Indyjska e-Rupee nie przekonuje użytkowników.

Bank Rezerw Indii z wielkim entuzjazmem wprowadził cyfrową walutę e-Rupee. Po kilku miesiącach od wdrożenia cyfrowa forma nie przekonuje użytkowników do korzystania, zbyt mała liczba transakcji, a przy tym niedostateczne przetestowanie systemu płatności skłania do przedłużenia pilotażu o rok.

Faza pilotażowa detalicznego CBDC zaczęła się 1 grudnia 2022 roku i bierze w niej udziała osiem  banków. Rozpoczęła się wśród ograniczonej grupy liczby użytkowników (około 10 000-12 000 przedsiębiorców i około 100 000 osób fizycznych). Odbywa się w 15 miastach.

Sahni, 45-letni sprzedawca owoców, jedna z pierwszych osób na indyjskim rynku detalicznym, która zaczęła używać cyfrowej waluty banku centralnego (CBDC) powiedział, że od grudnia tylko około 30 transakcji odbyło się z udziałem cyfrowej e-Rupee. Bardziej popularne w obecnej chwili w Indiach są płatności za pośrednictwem Google Pay i Paytm.
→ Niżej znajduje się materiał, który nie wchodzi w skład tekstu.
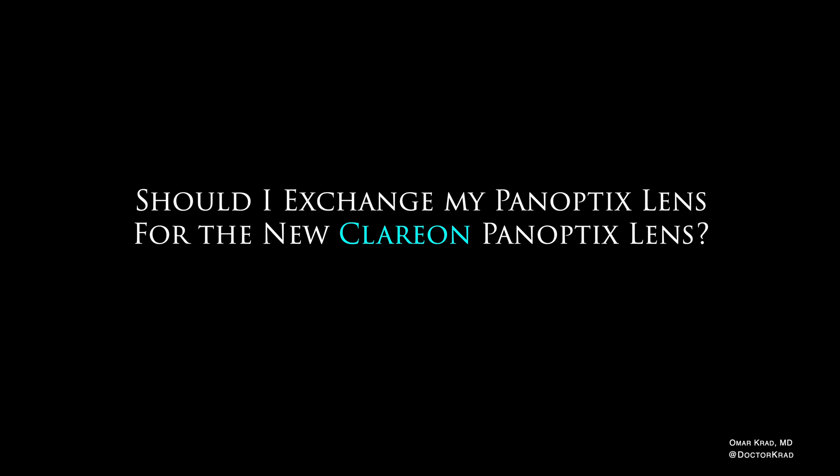Some people might ask: I just got a Panoptix six months or a year ago — should I exchange the lens for the new version? My opinion is absolutely not. Most patients with glistenings do not show any significant symptoms, and if you didn't like your Panoptix or Vividi in the first year, it's definitely not due to glistenings, which are either non-existent or extremely mild early on. Surgery to exchange a lens implant is not risk-free and does not guarantee improved vision. Technology always advances — just like TVs and cell phones, there will always be something better in the future.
Jednym z największych problemów jest to, że większość klientów czuje się komfortowo z jednolitym interfejsem płatności (UPI) i nie chce eksperymentować z innym cyfrowym interfejsem płatności. Problematyczne jest umieszczanie kolejnego oddzielnego kodu QR płatności dla cyfrowej e-Rupee, aby klient mógł skorzystać z tej formy płatności. Bank Rezerw Indii bada w obecnej chwili czy istnieje możliwość wprowadzenia wyboru formy płatności w ramach tego samego kodu QR dla CBDC i UPI.
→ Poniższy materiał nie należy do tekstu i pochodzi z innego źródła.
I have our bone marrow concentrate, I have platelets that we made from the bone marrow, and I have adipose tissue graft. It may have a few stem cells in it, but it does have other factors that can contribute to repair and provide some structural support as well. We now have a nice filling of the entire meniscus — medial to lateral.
Od lipca liczba użytkowników biorących udział w pilotażu ma być zwiększona do miliona.

Równocześnie trwa pilotaż dla hurtownej wersji wCBDC, który rozpoczął się miesiąc wcześniej – 1 listopada 2022 roku i jest przeznaczony tylko dla instytucji finansowych. Jak na razie około 95 % cyfrowej waluty jest w obiegu hurtowy.